Вечером камеристка провела в теплую от горевшего в камине огня, комнату, князя Артура Войцеховского. Он не знал, что будет говорить. Когда же он увидел в глубоком высоком кресле, тоненькую, безжизненную фигурку белокурой женщины, на лицо которой огонь бросал тени, и на нем признаки жизни выдавали только алые губы, у него перехватили дыхание нервные спазмы и второй раз в жизни он почувствовал, что может плакать. Он, мужчина, который не знал, что такое слезы! Он был не растерян, он был прибит навалившимся на него грузом ни принятия произошедшего. Вся комната была пропитана флюидами застоя энергии, горя и утраты самого ценного для человека в жизни — его дитяти.

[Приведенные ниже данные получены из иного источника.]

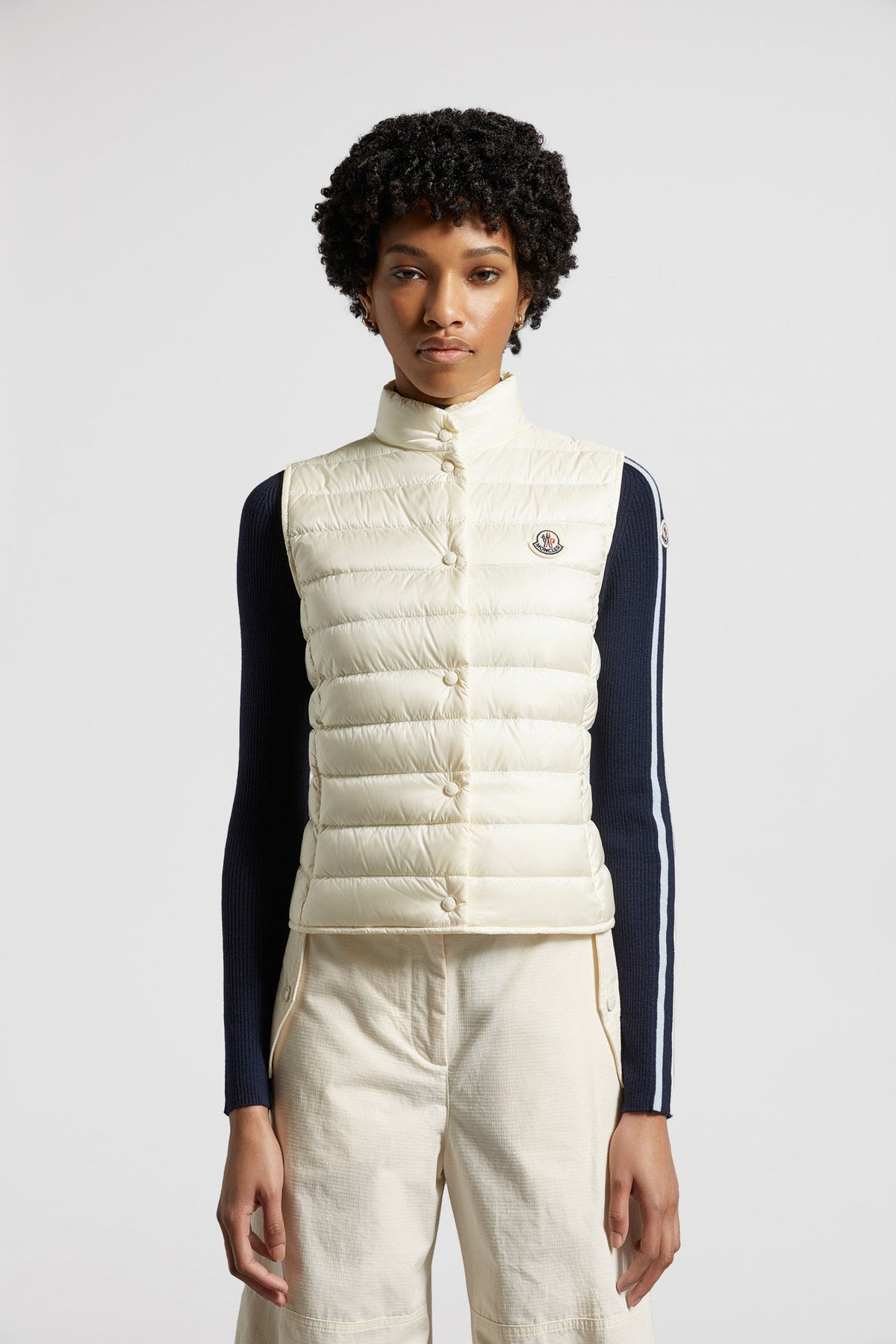 Liane Down Vest – it is characterized by a high neck and a subtle logo patch on the chest – LUX VERSE Luxury Designer Fashion Outlet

Подойдя близко к безжизненной фигуре, он на некоторое время вынужден даже закрыть глаза, чтобы не показать накатившихся слез и неимоверной силой воли взять себя в руки. И четко осознал, что какие бы слова не были произнесены, они только суть — пустота! И ни одно слово не будет иметь ни силы — ни смысла!
Постояв немного, он пододвинул к камину другое кресло и сел совсем рядом. Тогда Анни подняла на него свои потухшие глаза, долго-долго, не мигая смотрела — он видел, что из глубины, запутанных мрачных дебрей, как из темной чащи, из глубины её глаз, вперед продирается тонкий лучик света, жизни и вот только сейчас в них затеплилась жизнь. Она свозь серую, плотную пустоту, глядя через глаза в его сердце, стала чувствовать пробивающееся извне, к ней в сердце, тепло, которое было всегда, когда она сидела на руках своего отца. Она, словно вытягивала это тепло от любящего её человека. И в безжизненную холодную пустыню, в которой она находилась, стал проникать слабый свет. Ей так захотелось протянуть к нему свои руки, ей так побыстрее хотелось шагнуть в этот поток и окружить себя защитой от боли. Но потянувшись, ей не хватило сил подняться с кресла. Тяжесть потерявшего силы тела придавало к бархатной спинке, кисти рук повисли с подлокотников. Он понял её порыв, и сам действуя интуитивно, взял её под мышки — она услышала просьбу — Обхвати меня за шею! — рывком, вырвал из объятий этого глубокого кресла. Но она безжизненно повисла на его руках.
Князь, удержав тяжесть обмякшего тела, сильно прижал его к себе и рукой пригнул голову на свою грудь, запустил теплые пальцы ей в волосы. И у неё, наконец-то, из глаз полились слезы, безмолвно, тихо. Как вода, только бесшумно.